Utilities like mpstat, sar and Performance Co-Pilot (PCP) use a common collection of system-level CPU performance instrumentation from the kernel. This instrumentation is based upon statistical sampling of the state of each CPU in the kernel's software clock interrupt routine which is commonly called 100 times (PCP metric kernel.all.hz) per second on every CPU.

At each observation a CPU is attributed a quantum of 10 milliseconds of elapsed time to one of several counters based on the current state of the code executing on that CPU.

This sort of statistical sampling is subject to some anomalies, particularly when activity is strongly correlated with the clock interrupts, however the distribution of observations over several seconds or minutes is often an accurate reflection of the true distribution of CPU time. The kernel profiling mechanisms offer higher resolution should that be required, however that is beyond the scope of this document.

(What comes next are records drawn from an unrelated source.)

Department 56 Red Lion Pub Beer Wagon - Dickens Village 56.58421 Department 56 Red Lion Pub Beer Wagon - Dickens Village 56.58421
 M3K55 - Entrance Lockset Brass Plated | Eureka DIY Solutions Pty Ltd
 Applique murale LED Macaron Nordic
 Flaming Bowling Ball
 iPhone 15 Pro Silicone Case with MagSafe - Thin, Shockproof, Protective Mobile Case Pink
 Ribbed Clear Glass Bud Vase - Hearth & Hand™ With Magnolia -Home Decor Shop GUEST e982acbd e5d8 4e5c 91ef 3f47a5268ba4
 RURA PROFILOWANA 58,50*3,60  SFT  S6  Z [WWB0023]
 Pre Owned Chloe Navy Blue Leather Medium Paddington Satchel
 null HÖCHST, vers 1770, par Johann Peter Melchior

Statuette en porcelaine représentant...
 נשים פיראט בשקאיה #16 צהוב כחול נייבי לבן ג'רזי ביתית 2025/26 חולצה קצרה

The CPU state is determined by considering what the CPU was doing just before the clock interrupt, as follows:

If executing a userspace task (i.e. above the kernel system call interface for some program) then
- If executing with modified scheduling priority, the state is nice.
- Otherwise the state is user.
If servicing an interrupt, then the state is irq.
If this is a virtual CPU being made to wait involuntarily for a real CPU (i.e. while the hypervisor services another virtual processor), the state is steal. (Linux only)
If executing a hypervisor guest (Linux only), then
- If executing with modified scheduling priority, the state is both nice and guest_nice.
- Otherwise the state is both user and guest.
- If otherwise executing code in the kernel (i.e. below the system call interface, or a kernel task), then the state is kernel.
- Otherwise if some I/O is pending, then the state is wait.
- Otherwise the state is idle.

These states are mutually exclusive and complete, so exactly one state is assigned for each CPU at each clock interrupt.

The kernel agent for PCP exports the following metrics:

**Table 1: Raw PCP CPU metrics**
PCP Metric	Semantics
`kernel.all.cpu.user`	Time counted when in user state.
`kernel.all.cpu.nice`	Time counted when in nice state. (Linux / UNIX)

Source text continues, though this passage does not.